Please, PLEAse, PLEASE!!! (with increasing volume and agitation!)


brush your teeth!
clean up your toys
come here

Those tend to be the main ones repeated multiple times.


do you hear me?
do you hear me?
do you hear me?


put your shoes on!
put your shoes on!
put your shoes on!


I have enjoyed this post and the comments. I live in a house of just adults and cats. The adults hear after only once (usually) and the cats hardly listen no matter how many times you say something.
thanks for the memories


Quit! Quit! Quit!

Do you hear me? Do you hear me? Do you hear me?! (Which is a self answering question I guess after 3 times.0)


My grandpa always says "NO" seven times. It's really more of a "n-n-n-n-n-n-no" where every "n" is pronounced "nuh." It's very weird.


LOL Three is my limit. I only ask three times...I always say


Mine is pretty simple...

"Nolan...would you please stop that."

"Noooolan...please stop?"



Same as Cathy - we're a cheap imitation of Bill Cosby at our house.


Our middle child's name is Gabriel. He is three and a half and comes complete with every hair-pulling, teeth-gritting, frustrating three-year old behavior that you can imagine. The word you'll often hear repeated over and over at our house is "Ga-bri-el!"


This got me thinking . . .

I'm going to listen to myself tomorrow and come back and post the ones most used. Right now I can't think straight... Need something for belly pain, weariness, something to eat, a shower, and an ice pack - do they make that in a pill?

Cathy has reminded me that I need to go watch that routine again. It's one of my all time favorites.


I was thinking along the same lines as Cathy when I read this posting. I can hear Cosby "Come here, Come Here, COME HERE!" In my house that one is hugely popular, but so is
"Turn off the TV"
"Turn off the TV now"
"Turn off the Television Now, before I permanently disconnect it!"

And I don't even have cable!

kim b.

my daughters names 3 or more times .... and what? is another one...

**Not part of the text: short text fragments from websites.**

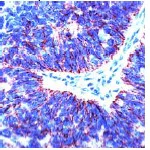 Immunohistochemistry (Formalin/PFA-fixed paraffin-embedded sections) - Anti-Claudin 7/CLDN-7 antibody (AB27487)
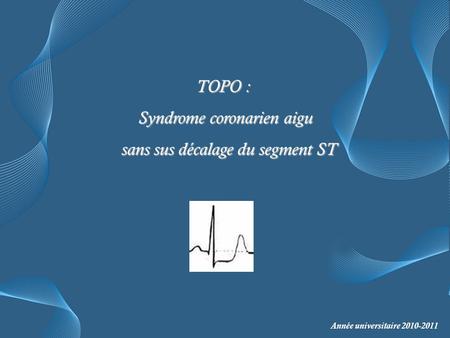 Syndrome coronarien aigu sans sus décalage du segment ST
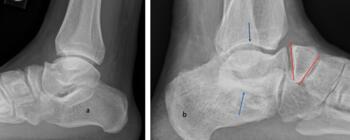 Soldiers medically discharged: a. Short talar body with deformed navicular (Turco release) b. Arrows show the abnormal ankle and subtalar joints and wedge shaped navicular which is very common (Cincinnati release)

a million...? or so...take out the trash. take a shower. get up. put your shoes on. let's go. let's go. let's go. hehe


My husband's nearly deaf, so we repeat lots of things for his benefit. Both of my kids (a 7-year-old and an almost-2-year-old who barely speaks) have a progression when trying to get their dad's attention. It begins with Dad... Dad... and the third time is always his given name, in a much louder voice... Mike!... because usually I'll give them two tries to get his attention before I yell at him from wherever I am in the house... Mike! They've picked up on it, and it's now the family joke. To hear that tiny little girl voice saying, "Mi!" cracks us all up.


I am ALWAYS repeating myself, even though I try not to. Here is my repeat list.
Get Back here!
Come on!
Empty the trash!
Whisper, our neighbors are banging on the walls again!(we live in an apt building.)
Leave your brothers alone!
Stop tattling..

The list goes on and on and on. We try to whisper to each other, but boys just do not have a whisper volume-especially Sean.

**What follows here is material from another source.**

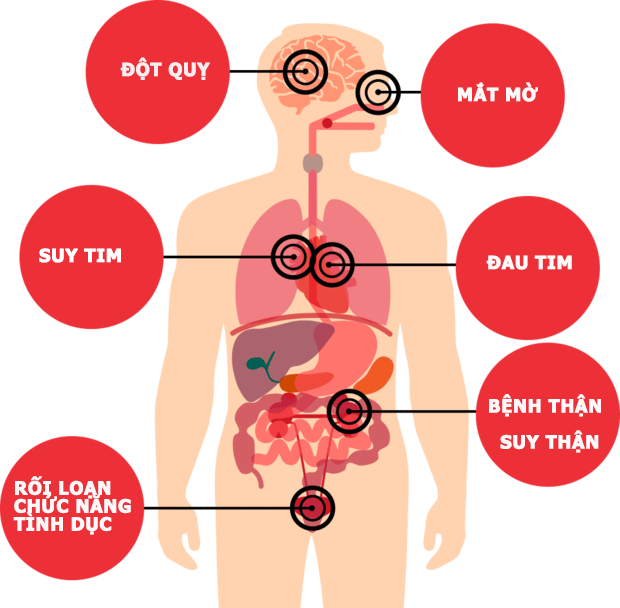 rối loạn huyết áp ở người cao tuổi - Image 4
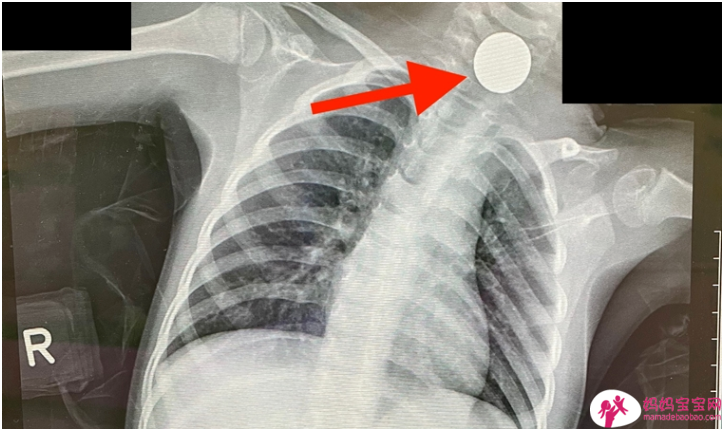 2岁童持续作呕！照X光惊见危险异物险送命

I try sooo hard not to. I tell my kids if God wanted me to constantly repeat myself, he would have given me a stutter. It doesn't happen though, until kids release their hold on selective listening, we mother's will have to repeat ourselves. Viscious cycles suck!

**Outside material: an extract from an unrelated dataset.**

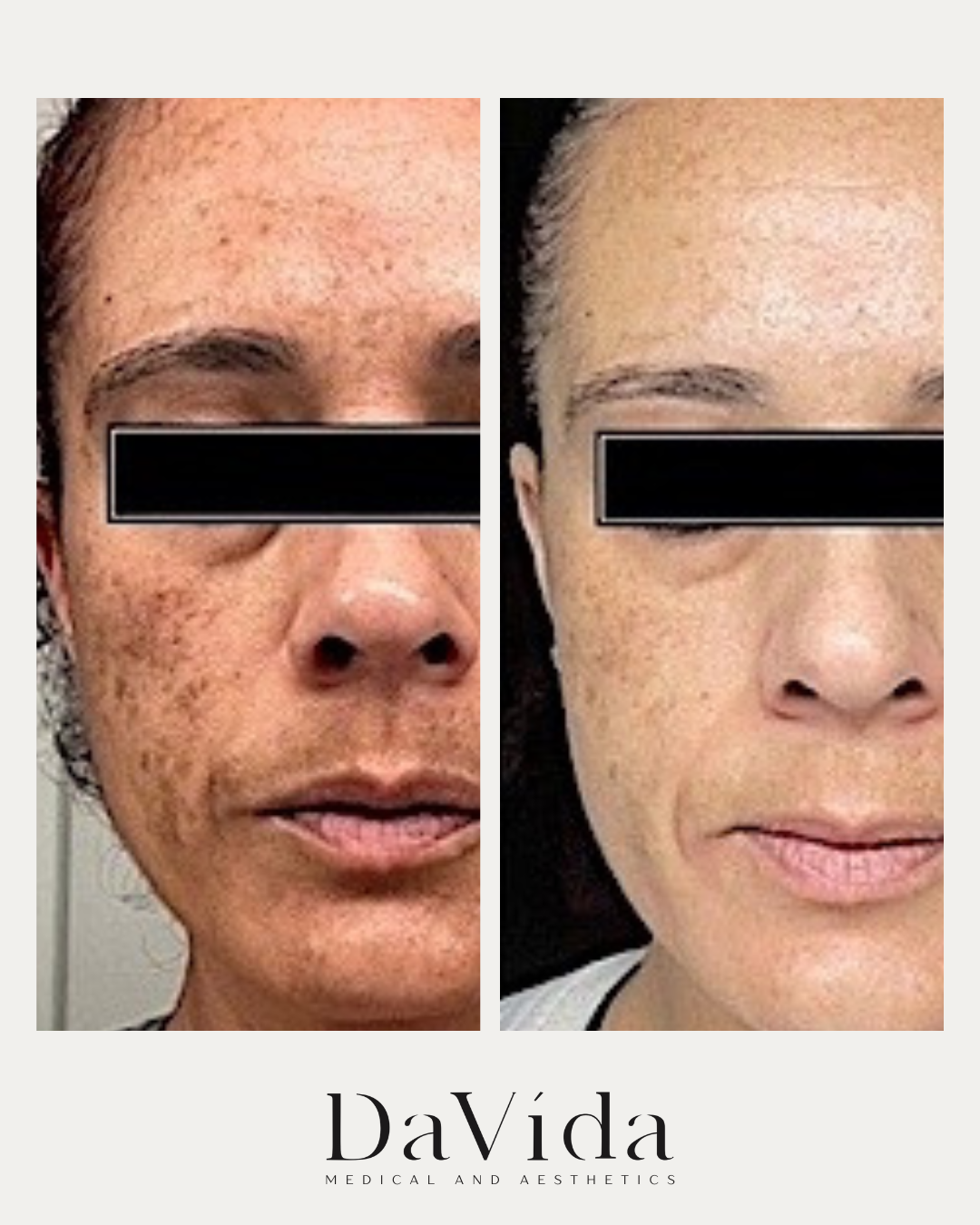 Perfect 10 peel before and after showing brightening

I repeat myself every day. With my 3 y/o, it's usually:

Clean up your room/toys.
Clean up your room/toys.
Clean up your room/toys.
Liam, what did Mommy ask you to do?
"Clean up."
Are you listening?
Well, what should you be doing?
"Cleaning up."
He then complies, and usually throws in an "I'm sorry, Mommy." for the guilt effect. :)

Another popular one is:
"Come here!"
"Come here!"
"Come here!"

Remember that old Bill Cosby sketch? I swear I think of him every time I have to say that!

Melanie Lynne Hauser

I repeat myself constantly but I fear it's because I have a short-term memory problem, not because I wish to be heard! I'll ask my kids a question; they, apparently (or so I'm told) answer it; I repeat said question; they roll their eyes and tell me I'm getting old.